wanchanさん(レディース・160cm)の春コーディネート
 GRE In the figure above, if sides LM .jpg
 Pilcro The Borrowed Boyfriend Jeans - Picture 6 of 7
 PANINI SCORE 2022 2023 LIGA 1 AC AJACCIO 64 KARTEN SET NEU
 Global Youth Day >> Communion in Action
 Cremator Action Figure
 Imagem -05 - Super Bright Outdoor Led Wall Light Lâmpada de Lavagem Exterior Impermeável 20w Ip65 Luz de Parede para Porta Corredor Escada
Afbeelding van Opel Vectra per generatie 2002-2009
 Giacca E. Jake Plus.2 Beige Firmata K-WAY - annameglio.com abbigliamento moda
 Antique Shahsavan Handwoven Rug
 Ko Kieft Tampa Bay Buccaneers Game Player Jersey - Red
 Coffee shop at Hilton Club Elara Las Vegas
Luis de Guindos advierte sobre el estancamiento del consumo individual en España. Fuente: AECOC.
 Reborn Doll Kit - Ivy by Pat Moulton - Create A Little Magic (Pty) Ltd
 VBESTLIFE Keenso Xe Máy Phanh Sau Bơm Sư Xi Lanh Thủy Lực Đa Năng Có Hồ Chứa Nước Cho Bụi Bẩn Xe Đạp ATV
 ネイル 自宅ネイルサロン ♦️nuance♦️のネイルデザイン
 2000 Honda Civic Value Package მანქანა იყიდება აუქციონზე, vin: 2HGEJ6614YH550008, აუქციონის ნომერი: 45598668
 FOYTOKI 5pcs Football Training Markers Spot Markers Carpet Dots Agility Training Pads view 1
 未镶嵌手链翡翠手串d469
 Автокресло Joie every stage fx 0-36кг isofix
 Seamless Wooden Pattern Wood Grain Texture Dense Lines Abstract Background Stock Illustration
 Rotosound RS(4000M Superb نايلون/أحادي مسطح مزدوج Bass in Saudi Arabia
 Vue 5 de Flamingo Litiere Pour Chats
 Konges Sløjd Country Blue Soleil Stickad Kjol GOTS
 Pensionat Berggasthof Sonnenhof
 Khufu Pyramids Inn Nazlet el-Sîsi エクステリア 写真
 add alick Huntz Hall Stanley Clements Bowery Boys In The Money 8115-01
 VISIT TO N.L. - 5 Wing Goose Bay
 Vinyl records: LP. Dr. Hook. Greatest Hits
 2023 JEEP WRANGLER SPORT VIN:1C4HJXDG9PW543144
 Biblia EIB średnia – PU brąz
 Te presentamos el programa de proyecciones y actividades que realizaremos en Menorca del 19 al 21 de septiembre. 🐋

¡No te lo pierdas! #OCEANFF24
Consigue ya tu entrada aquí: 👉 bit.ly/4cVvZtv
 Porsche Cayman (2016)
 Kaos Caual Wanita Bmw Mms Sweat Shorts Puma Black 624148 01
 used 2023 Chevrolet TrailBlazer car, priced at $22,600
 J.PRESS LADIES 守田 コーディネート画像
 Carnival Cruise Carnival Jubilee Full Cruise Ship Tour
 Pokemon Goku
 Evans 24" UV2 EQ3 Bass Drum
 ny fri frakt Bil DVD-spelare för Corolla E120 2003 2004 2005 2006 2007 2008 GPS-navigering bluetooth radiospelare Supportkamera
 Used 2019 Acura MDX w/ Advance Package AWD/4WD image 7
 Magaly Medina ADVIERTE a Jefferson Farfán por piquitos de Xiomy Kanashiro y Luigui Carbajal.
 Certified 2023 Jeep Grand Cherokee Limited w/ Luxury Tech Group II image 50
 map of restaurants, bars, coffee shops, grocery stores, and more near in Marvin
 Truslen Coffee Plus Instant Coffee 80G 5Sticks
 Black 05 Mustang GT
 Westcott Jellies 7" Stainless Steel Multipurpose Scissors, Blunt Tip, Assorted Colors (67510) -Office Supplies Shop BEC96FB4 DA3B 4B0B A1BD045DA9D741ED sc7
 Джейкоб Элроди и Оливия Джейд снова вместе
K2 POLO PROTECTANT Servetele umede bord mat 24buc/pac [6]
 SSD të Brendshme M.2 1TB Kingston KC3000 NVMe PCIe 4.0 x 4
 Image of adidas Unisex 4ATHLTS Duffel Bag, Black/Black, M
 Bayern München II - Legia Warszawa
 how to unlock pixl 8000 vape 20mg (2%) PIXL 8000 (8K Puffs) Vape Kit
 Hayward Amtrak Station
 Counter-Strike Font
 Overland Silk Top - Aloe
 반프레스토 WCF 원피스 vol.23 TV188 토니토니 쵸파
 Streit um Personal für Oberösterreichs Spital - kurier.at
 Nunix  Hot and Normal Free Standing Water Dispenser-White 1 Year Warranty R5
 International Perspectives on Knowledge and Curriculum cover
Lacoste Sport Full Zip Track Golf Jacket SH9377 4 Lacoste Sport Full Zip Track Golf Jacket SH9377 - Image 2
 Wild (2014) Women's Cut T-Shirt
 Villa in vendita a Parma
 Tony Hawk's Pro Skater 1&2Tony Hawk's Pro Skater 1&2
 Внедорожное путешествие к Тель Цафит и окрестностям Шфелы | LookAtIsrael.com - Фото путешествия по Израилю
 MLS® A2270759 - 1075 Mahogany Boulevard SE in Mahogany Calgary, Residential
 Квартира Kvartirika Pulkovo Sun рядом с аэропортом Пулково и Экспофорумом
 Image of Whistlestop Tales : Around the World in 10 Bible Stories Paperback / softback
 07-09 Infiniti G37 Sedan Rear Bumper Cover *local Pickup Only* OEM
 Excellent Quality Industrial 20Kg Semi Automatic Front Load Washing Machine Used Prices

● **Goal of the exercise**
The expected answer is every line above in which the word "Full" appears.

● **Completed task**
 Carnival Cruise Carnival Jubilee Full Cruise Ship Tour
Lacoste Sport Full Zip Track Golf Jacket SH9377 4 Lacoste Sport Full Zip Track Golf Jacket SH9377 - Image 2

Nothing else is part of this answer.